=== Begin Enclosure ===

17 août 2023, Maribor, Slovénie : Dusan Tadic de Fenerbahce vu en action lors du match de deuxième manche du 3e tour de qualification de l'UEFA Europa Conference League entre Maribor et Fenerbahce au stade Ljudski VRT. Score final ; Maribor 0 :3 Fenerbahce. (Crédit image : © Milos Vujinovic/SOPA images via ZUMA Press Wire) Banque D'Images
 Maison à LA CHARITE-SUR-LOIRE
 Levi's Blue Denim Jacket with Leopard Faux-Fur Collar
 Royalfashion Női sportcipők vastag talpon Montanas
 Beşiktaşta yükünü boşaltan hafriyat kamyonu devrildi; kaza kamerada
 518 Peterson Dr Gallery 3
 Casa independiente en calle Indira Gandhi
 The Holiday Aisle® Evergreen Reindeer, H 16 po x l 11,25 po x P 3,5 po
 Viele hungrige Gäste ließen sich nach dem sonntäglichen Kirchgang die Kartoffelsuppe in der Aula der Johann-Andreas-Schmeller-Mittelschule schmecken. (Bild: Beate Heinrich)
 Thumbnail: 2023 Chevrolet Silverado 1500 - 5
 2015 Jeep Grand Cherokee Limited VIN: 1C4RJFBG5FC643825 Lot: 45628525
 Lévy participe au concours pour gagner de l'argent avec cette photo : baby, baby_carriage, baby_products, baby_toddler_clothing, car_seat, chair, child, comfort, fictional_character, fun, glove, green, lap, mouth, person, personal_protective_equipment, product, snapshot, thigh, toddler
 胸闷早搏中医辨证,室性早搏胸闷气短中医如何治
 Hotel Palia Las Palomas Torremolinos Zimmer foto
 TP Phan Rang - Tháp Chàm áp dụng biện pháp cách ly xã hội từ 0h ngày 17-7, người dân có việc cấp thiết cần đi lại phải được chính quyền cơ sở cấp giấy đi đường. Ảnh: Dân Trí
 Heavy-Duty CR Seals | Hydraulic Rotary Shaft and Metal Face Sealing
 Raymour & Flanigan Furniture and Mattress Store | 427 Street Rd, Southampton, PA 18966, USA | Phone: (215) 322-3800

=== End Enclosure ===

Task prompt:
Retype only the lines above between the line with "Maison à LA CHARITE-SUR-LOIRE" and the line with "Thumbnail: 2023 Chevrolet Silverado 1500 - 5", counting those two lines as well, and keep every character as it is.

Answer for this exercise:
 Maison à LA CHARITE-SUR-LOIRE
 Levi's Blue Denim Jacket with Leopard Faux-Fur Collar
 Royalfashion Női sportcipők vastag talpon Montanas
 Beşiktaşta yükünü boşaltan hafriyat kamyonu devrildi; kaza kamerada
 518 Peterson Dr Gallery 3
 Casa independiente en calle Indira Gandhi
 The Holiday Aisle® Evergreen Reindeer, H 16 po x l 11,25 po x P 3,5 po
 Viele hungrige Gäste ließen sich nach dem sonntäglichen Kirchgang die Kartoffelsuppe in der Aula der Johann-Andreas-Schmeller-Mittelschule schmecken. (Bild: Beate Heinrich)
 Thumbnail: 2023 Chevrolet Silverado 1500 - 5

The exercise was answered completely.